Marc Schwalbach, von Karman Institute for Fluid Dynamics/TU Kaiserslautern
CAD-Based Adjoint Multidisciplinary Optimization Framework for Turbomachinery Design
Most adjoint-based optimization frameworks for turbomachinery only consider aerodynamic performance and constraints, leading to designs that need to pass through revisions by structural requirements. Only in recent years, adjoint optimization frameworks have been extended to include structural constraints.
In this work, a CAD-based parametrization is used for defining the shape freedom, from which the fluid and solid grids are generated. The aerodynamic efficiency is computed using a Reynolds-Averaged Navier-Stokes solver based on the finite volume method. The maximum von Mises stress and eigenfrequencies are computed using a linear stress and vibration solver based on the finite element method.

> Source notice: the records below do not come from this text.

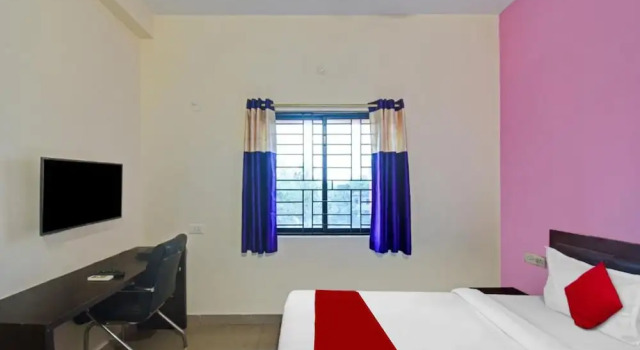 Hotel O SR PALACE, Prenota Hotel Hotel a Orissa con parcheggio, Parcheggio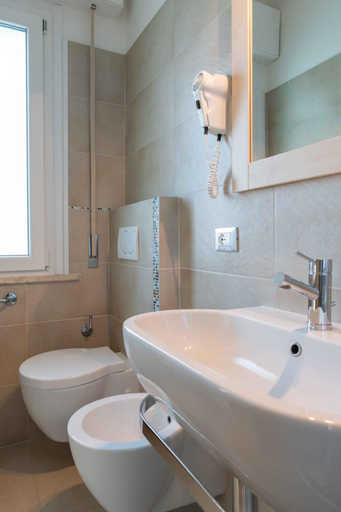Bathroom 17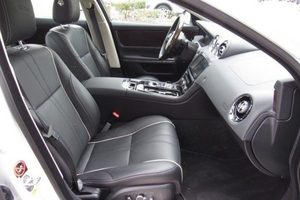 Jaguar XJ 2016, berline suralimentée, intérieur clair, boîte de vitesses automatique, moteur turbo, conduite à gauche, sièges en cuir, propulsion arrière, ACC, R19 - Product Image 3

The CFD, stress, and vibration solvers each have adjoint capabilities, allowing an efficient evaluation of the gradients at a cost independent of the size of the design space. The fluid and structural domains are coupled with the CAD kernel to form a CAD-based adjoint multidisciplinary optimization framework (MDO).
In this presentation, the CAD-based adjoint MDO framework is introduced. In particular, the differentiation of the FEM solver, using the AD tool CoDiPack, is discussed. This includes the differentiation of both the linear stress solver for the maximum von Mises stress gradients, which results in one additional linear system solve, and the vibration solver for eigenvalue gradients, which results in one additional outer product per eigenvalue. Performance results for gradient calculations are presented, as well as aerodynamic shape optimizations of a radial turbine with both maximum von Mises stress and vibrational resonance-reducing constraints.